Phillip Burger began his career as a mason's assistant in Southern California. He learned the early lessons of this craft while working with his father on the construction of natural stone fireplaces. His eye for how each successive course of stone should fit in harmony with the sources below was recognized early on. They worked together and provided many clients with structures that honored both form and function. This early exploration in composition and form was halted with his father's untimely death.

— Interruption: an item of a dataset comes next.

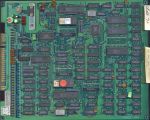 PCB component side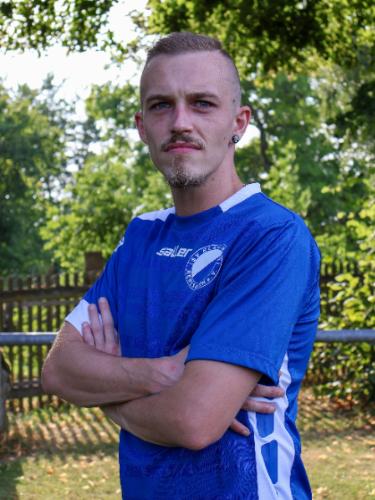 Justin Unterdörfer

Soon after, Philip discovered the desert. Venturing along mountain ridges and arroyos, he was drawn to the stone fragments embedded in the earth and the endless varieties of shape. Often kicking up and scratching pieces of stone, hed’ wonder how, a long time before the fragments must have been separated from a larger whole. The pieces in his hand, by their feel, and by the silhouette they produced when held close to his eye and against the sky, were separate from, but maintained the identity of their source, the surrounding hilltops and ridges. Such passion for discovery and relationship in the natural world continue to inform his sculpture. Phillip uses the traditional mallet and chisel as well as the pneumatic hammer, a tool powered by compressed air, to craft his pieces. Many of this works are left textured and hewn, thro he does prefer to finish them with a thin acrylic coat. Despite the power of stone to evoke within us a sense of permanence, this step is necessary to protect the stone from industry-tainted air and rain.

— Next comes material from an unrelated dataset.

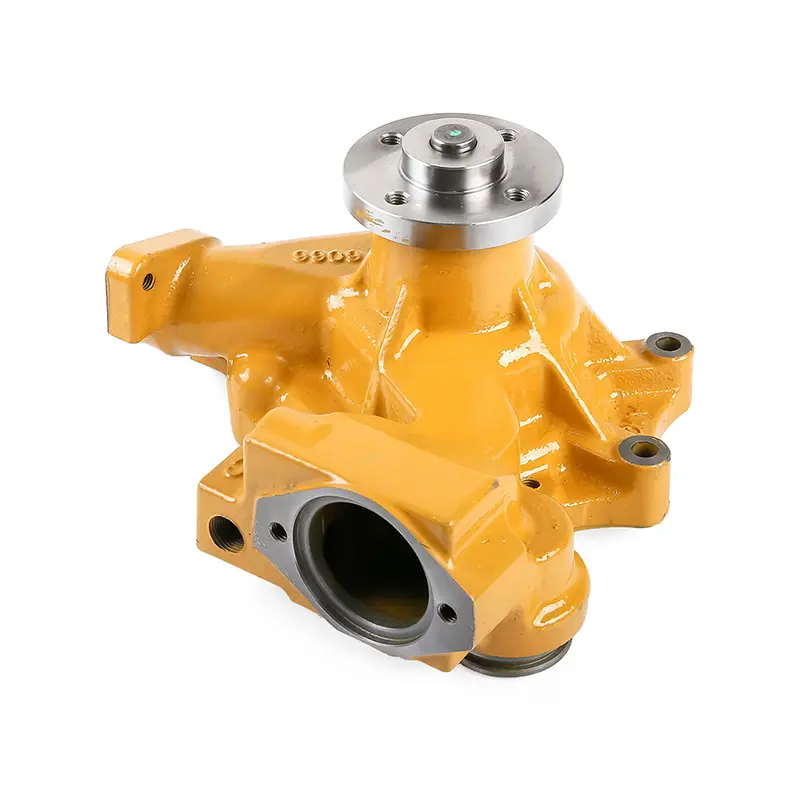 Engine Water Pump 6204-61-1304 For Komatsu Bulldozer D20A-7 D20Q-7 D20S-7 D21A-7 D21P-7A D21Q-7 D21S-7 Engine 4D95S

Phillip’s attraction to stone is defiant of contemporary expectations, documented as they are by the application of technology and remediation. Yet, because of stones long and rich tradition, artists like Phillip serve as ballast against the gnawing influence of entertainment-based media. Whether visiting with Phillip or viewing his work, he will impel you to journey across a mountain and experience the foundation of archetypes, It will be a walk toward a center of meaning–a meaning that provides support to and respite from our rush to digitize.